(Stored data)
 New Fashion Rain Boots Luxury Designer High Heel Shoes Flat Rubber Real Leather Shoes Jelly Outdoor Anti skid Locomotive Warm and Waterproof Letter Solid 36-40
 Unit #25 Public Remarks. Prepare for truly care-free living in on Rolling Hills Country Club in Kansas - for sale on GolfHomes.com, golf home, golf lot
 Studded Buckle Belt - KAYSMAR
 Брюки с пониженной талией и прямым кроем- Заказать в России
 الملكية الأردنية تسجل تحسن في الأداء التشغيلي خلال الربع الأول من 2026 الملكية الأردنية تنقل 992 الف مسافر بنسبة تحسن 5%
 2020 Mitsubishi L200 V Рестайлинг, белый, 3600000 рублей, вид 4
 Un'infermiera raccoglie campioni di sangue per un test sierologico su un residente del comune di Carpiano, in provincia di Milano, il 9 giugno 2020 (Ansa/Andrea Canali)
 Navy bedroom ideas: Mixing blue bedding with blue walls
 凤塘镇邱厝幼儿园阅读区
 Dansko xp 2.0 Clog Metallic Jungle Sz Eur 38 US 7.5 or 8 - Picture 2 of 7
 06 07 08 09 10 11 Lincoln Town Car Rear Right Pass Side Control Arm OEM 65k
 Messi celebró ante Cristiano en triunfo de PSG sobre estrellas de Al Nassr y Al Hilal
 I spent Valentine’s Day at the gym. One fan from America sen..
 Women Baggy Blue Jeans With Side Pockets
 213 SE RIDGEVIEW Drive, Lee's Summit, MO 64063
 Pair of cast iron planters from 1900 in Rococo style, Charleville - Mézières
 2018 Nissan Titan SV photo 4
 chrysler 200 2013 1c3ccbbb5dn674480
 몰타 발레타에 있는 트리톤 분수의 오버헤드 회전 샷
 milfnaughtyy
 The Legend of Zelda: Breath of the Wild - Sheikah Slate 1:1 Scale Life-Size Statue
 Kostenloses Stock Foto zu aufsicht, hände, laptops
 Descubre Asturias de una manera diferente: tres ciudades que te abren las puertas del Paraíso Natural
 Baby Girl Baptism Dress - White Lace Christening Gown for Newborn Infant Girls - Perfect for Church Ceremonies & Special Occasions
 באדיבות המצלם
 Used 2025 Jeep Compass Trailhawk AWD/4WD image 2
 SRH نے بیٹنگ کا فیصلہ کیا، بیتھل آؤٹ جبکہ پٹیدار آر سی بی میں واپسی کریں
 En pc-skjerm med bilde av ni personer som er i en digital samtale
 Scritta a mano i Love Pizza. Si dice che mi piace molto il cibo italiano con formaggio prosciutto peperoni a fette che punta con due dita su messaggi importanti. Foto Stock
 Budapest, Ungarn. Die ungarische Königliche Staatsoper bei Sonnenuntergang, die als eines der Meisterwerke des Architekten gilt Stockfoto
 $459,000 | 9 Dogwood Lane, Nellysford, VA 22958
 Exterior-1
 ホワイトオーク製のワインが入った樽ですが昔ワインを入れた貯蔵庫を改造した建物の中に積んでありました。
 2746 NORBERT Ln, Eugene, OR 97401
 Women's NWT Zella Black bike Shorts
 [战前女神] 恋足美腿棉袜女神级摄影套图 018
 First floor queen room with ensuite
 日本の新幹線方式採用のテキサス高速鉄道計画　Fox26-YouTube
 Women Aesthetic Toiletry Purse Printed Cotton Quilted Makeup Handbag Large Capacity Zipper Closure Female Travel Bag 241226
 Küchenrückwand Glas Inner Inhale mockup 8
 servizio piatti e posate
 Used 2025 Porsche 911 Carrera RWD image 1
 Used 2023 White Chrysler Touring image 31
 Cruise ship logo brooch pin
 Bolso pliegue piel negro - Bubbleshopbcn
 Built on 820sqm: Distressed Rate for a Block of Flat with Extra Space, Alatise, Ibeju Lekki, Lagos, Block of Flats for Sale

**WORK ORDER**
Write out exactly the lines above between the line with "Descubre Asturias de" and the line with "Scritta a mano", inclusive, and nothing beyond them.

**SOLUTION TO THIS EXERCISE**
 Descubre Asturias de una manera diferente: tres ciudades que te abren las puertas del Paraíso Natural
 Baby Girl Baptism Dress - White Lace Christening Gown for Newborn Infant Girls - Perfect for Church Ceremonies & Special Occasions
 באדיבות המצלם
 Used 2025 Jeep Compass Trailhawk AWD/4WD image 2
 SRH نے بیٹنگ کا فیصلہ کیا، بیتھل آؤٹ جبکہ پٹیدار آر سی بی میں واپسی کریں
 En pc-skjerm med bilde av ni personer som er i en digital samtale
 Scritta a mano i Love Pizza. Si dice che mi piace molto il cibo italiano con formaggio prosciutto peperoni a fette che punta con due dita su messaggi importanti. Foto Stock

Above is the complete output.